The Israel Project to N.Y. Times: Expose Anti-Israel NGOs, Too — Like the New Israel Fund
A little before midnight on Monday, July 5, the New York Times posted on its website its lengthy, deeply reported investigative piece on U.S. tax-exempt donations that go to fund settlement activity in the West Bank and East Jerusalem, and the right-wing American charities that channel those donations, including some that seemed in the Times piece to flirt with or outright violate IRS rules.
At 7:55 a.m. Eastern time, an action alert was e-mailed out by Jennifer Laszlo Mizrahi of The Israel Project, the Washington-based non-profit that helps clarify Israel’s dilemmas to the world media, supposedly without taking sides in Israel’s internal politics. She complained that if the Times wants “to do a story on groups that use tax status to do work in Israel, they should show BOTH sides.” And she offered a list of “just SOME of the Anti-Israel groups that use the same tax status” but “were not mentioned in the NYT piece.” In a place of honor at the bottom of the list: the New Israel Fund.
I don’t recall Laszlo complaining when Maariv gave front page coverage to Im Tirtzu’s sliming of the New Israel Fund and other “anti-Israel” NGOs that they should have included Irving Moskowitz or the friends of Ateret Cohanim in order to give both sides.
In her memo Laszlo urged her network to contact “the expert on this topic,” Gerald Steinberg of the Israel-based NGO Monitor.
And sure enough, Gerald Steinberg put out a release at 10:28 a.m., reproducing Laszlo’s list of Anti-Israel NGOs but moving the New Israel Fund from the bottom of the list to a prominent place at the top.
Here’s Laszlo’s memo, followed by Steinberg’s release:
did you see NYT page 1, top of fold, 2 full pages inside? http://www.nytimes.com/2010/07/06/world/middleeast/06settle.html?_r=1&hp (her formatting mistake, not mine – jjg)
As a close contact wrote to me about it this 4,900 word piece:
1. It is clearly geared to encourage Administration pressure on Israel and stricter application of IRS regulations and is timed during Obama-Netanyahu visit.
2.Its limited reference to pro-Palestinian tax exempt organization is lip-service. No mention of those Jewish/Israeli organizations who reap tax exemptions to attack Israel. We’ll need NGO Monitor’s response.

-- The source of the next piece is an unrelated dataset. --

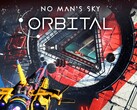 No Man's Sky permette finalmente ai giocatori di progettare le proprie astronavi. (Immagine: Hello Games)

No one is saying that facts should not be shown by reporters. But if the story is groups that have tax exempt status that play on core Middle East issues, below are just SOME of the Anti-Israel groups that use the same tax status. However, they were not mentioned in the NYT piece:
• ICAHD-US
• Friends of Sabeel
• Middle East Children’s Alliance
• AJ Muste (gives to ISM)
• Open Society Institute
• Deir Yassin Remembered
• Grassroots.org
• Advocacy Project
• Rachel Corrie Foundation
• Birthright Unplugged
• WESPAC (also gives to Adalah NY)
• Groundspring.org (gives to Electronic Intifada)
• Center for Constitutional Rights
• Friends of Peace and Justice in the Middle East
• Vanguard Foundation (passthrough org)
• Palestinian Right to Return Coalition
• Jewish Voices for Peace
• Ford Foundation (funds many anti-Israel NGOs)
• New Israel Fund (funds many anti-Israel NGOs)BTW – THE expert on this topic is Gerald Steinberg – contact [email protected]
Bottom line – if they want to do a story on groups that use tax status to do work in Israel, they should show BOTH sides. No one is asking for special US tax status for pro-Israel educational or humanitarian groups. They should have the same fair treatment as others. Inserted below that message in Mizrahi’s e-mail message was the full text of the New York Times piece, in case any of her contacts doesn’t get the Times and might not be able to click a hyperlink.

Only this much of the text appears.